Moldovan President Igor Dodon has signed a decree on the creation of a Commission for Constitutional Reform.
Recently, the Moldovan ambassador to Moscow, Andrei Neguta, said that the Chisinau authorities are already studying the experience of the Russian Federation in amending its constitution.
"We are trying to understand what is possible in the conditions of the political system of Moldova, this is important for us as well. We are also discussing what should be changed in our constitution,” the diplomat underlined.
The subject was discussed by Dodon during a meeting of the head of state with Victor Puscas and Dumitru Pulbere, the ex-presidents of the Constitutional Court.
They agreed to "consider it necessary to start the process of constitutional reform in order to amend the constitutional legislation, ensure the supremacy of the constitution, strengthen the rule of law, constitutional democracy and guarantee human rights.”
Dodon outlined several issues that in his view require the creation of the commission. Among them are the “constitutional deadlocks” from 2014-2020 in the president-government-parliament relations. The parliament repeatedly suspended Dodon from his post to pass laws Dodon objected to. Dodon also mentioned the problem of MPs moving from one party to another.
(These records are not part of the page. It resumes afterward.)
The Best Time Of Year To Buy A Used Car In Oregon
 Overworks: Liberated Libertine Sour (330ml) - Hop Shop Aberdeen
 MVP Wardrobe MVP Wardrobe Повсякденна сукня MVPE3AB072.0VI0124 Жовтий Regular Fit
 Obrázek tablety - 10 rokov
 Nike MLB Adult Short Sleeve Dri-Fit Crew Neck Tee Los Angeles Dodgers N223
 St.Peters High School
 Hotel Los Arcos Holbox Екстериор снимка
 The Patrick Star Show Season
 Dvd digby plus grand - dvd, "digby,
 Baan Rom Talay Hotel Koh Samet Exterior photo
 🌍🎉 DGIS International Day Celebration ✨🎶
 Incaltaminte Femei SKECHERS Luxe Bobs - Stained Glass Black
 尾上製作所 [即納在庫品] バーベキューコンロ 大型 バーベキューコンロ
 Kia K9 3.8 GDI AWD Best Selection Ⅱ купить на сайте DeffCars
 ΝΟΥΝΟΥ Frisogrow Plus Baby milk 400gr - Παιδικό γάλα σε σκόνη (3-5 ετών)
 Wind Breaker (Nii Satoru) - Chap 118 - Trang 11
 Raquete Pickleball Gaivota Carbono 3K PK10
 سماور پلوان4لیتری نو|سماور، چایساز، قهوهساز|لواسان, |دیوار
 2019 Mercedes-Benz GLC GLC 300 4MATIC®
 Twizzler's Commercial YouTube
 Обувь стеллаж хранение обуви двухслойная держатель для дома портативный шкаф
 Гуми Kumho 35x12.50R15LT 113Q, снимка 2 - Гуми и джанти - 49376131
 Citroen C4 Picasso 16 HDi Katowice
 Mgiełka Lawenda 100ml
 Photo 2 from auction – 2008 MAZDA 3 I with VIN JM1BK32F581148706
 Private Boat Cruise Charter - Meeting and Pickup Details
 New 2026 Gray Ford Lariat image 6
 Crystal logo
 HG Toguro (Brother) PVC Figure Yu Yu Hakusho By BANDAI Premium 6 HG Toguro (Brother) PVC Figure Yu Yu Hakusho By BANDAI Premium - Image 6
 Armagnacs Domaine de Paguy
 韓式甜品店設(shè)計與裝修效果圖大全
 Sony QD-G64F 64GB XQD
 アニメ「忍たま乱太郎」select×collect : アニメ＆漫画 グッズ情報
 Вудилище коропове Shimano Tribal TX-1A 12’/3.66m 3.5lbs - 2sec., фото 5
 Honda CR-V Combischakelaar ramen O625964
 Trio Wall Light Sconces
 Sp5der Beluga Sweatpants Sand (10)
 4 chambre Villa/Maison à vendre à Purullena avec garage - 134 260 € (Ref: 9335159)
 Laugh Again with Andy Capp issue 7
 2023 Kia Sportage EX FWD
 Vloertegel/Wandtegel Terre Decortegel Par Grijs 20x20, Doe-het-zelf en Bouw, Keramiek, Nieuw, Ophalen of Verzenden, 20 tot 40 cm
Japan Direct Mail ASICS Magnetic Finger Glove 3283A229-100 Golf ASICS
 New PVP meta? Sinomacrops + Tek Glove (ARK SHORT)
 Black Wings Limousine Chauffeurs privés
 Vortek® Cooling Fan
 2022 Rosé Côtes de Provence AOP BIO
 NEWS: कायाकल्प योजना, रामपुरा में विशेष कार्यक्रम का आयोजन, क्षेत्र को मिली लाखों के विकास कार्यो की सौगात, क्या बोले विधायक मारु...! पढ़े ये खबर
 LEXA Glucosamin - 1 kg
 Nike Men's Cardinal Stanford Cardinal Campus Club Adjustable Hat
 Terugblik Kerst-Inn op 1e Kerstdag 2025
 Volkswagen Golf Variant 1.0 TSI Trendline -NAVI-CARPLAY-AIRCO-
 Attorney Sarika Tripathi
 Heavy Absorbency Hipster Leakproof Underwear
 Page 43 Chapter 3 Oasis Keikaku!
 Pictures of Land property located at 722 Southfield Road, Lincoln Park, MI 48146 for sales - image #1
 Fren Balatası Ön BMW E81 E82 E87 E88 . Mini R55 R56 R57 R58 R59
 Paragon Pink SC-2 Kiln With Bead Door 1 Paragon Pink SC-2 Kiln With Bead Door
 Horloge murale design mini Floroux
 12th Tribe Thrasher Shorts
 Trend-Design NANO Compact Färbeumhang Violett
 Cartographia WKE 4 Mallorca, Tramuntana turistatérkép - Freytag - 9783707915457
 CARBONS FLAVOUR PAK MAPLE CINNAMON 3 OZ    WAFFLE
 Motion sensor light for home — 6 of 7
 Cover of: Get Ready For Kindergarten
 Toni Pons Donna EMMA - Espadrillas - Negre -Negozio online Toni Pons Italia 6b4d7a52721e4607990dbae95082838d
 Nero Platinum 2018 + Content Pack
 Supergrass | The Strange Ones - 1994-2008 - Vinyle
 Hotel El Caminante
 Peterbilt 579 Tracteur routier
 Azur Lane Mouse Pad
His government recently lost its majority in parliament after Democrat MPs pulled out of the party to join the opposition.
Dodon also wants to discuss the option of reducing the number of MPs from the current 101. The Moldovan president wants to discuss the issue of dual citizenship of high-ranking officials in the commission — and here he probably means Romanian citizenship.
The Moldovan president wants the constitution to “include provisions on the balanced foreign policy of the Moldovan state” and ban “public initiatives regarding the opportunity to exclude from the constitution the stipulations, which provide for the possibility of liquidating the state through a referendum” (a hint at the unionists who argue for the country to merge Romania by referendum).
Russia held a referendum on constitutional changes between June 25 and July 1, with the main amendment allowing current President Vladimir Putin to run for another two six-year presidential terms in 2024, though there are numerous other changes including a ban on same-sex marriages.
According to the official results, a resounding 77.93% of Russians voted for the changes on a turnout of 65%, however, evidence later emerged of massive ballot stuffing.